WHAT THIS TASK INVOLVES —
Please repeat, exactly as they stand, the line containing "Penti, Sutien de" and the lines after it through the final line of the listing below, minus pictures.

SOURCE DATA below:

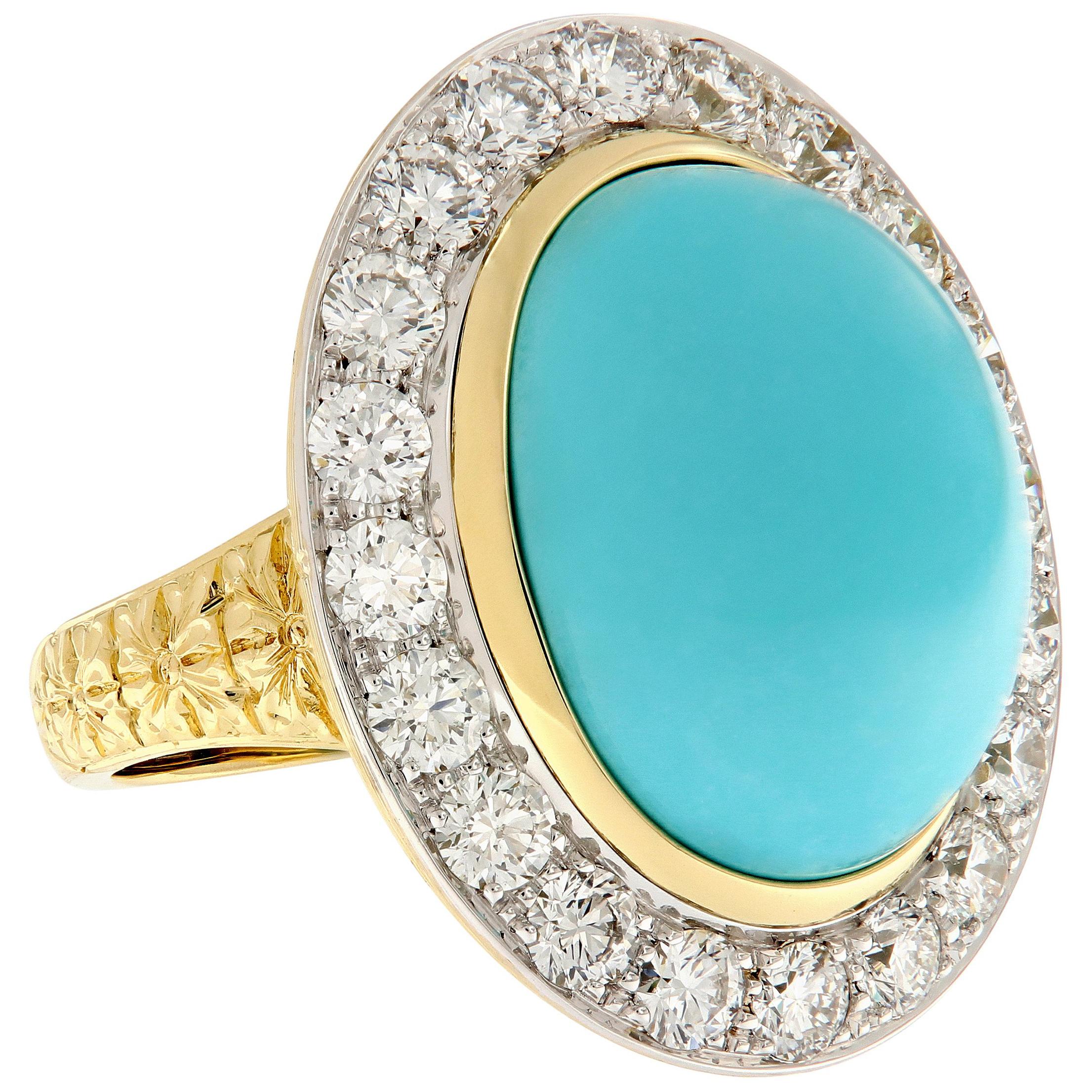 Vergano Turquoise Diamond Statement Ring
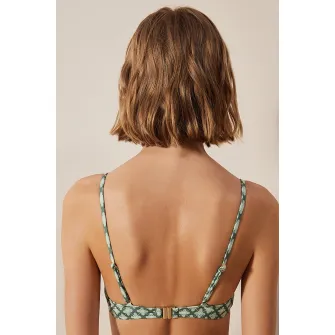 Penti, Sutien de baie cu model floral, Verde, Alb, 36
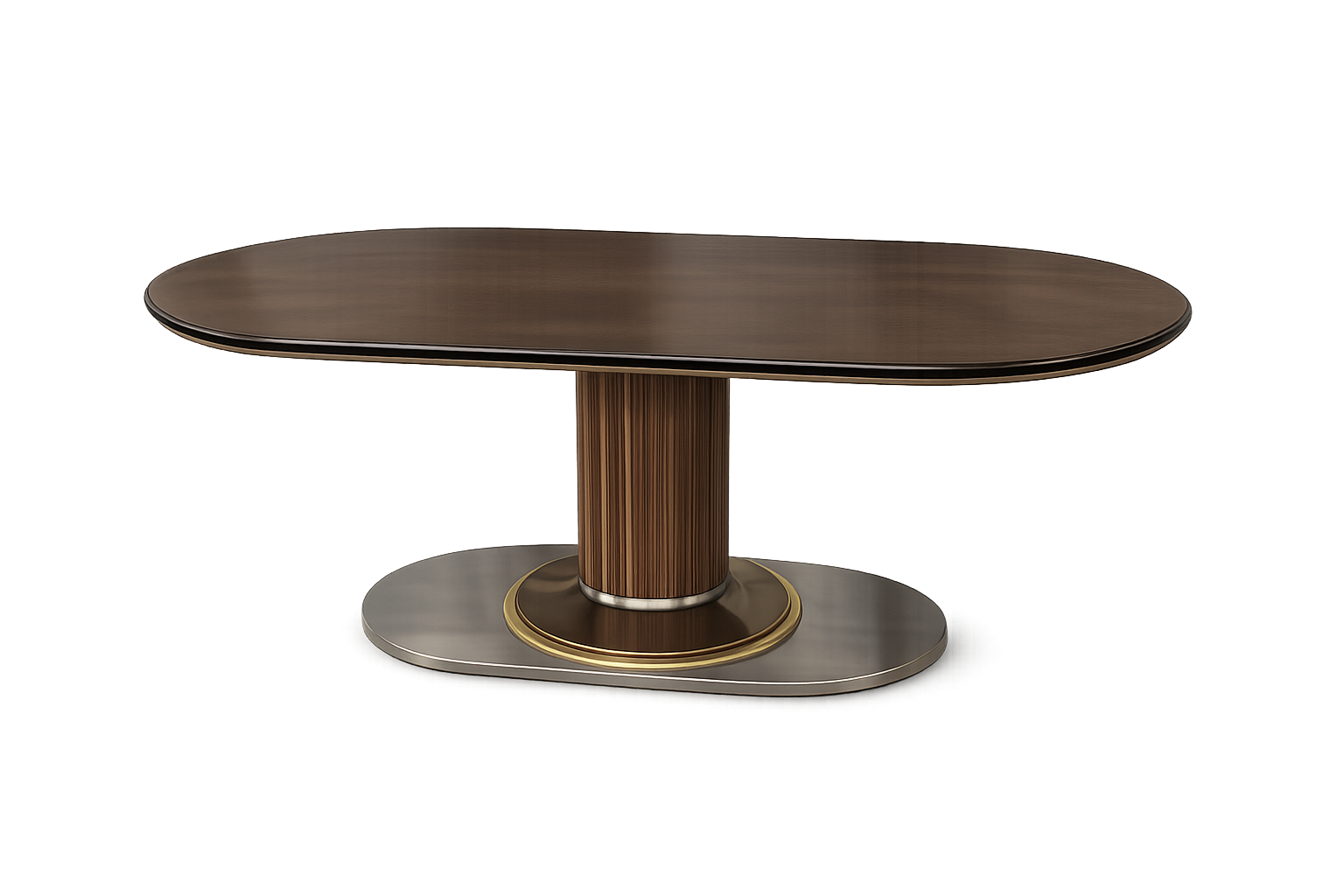Table base made from walnut beading with cold plated bronze and brass foot, mounted on a solid mild steel base.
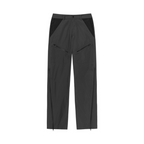 Functional Zipper Nylon Straight Trousers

End of SOURCE DATA.

REPLY TO THE EXERCISE —
 Penti, Sutien de baie cu model floral, Verde, Alb, 36
Table base made from walnut beading with cold plated bronze and brass foot, mounted on a solid mild steel base.
 Functional Zipper Nylon Straight Trousers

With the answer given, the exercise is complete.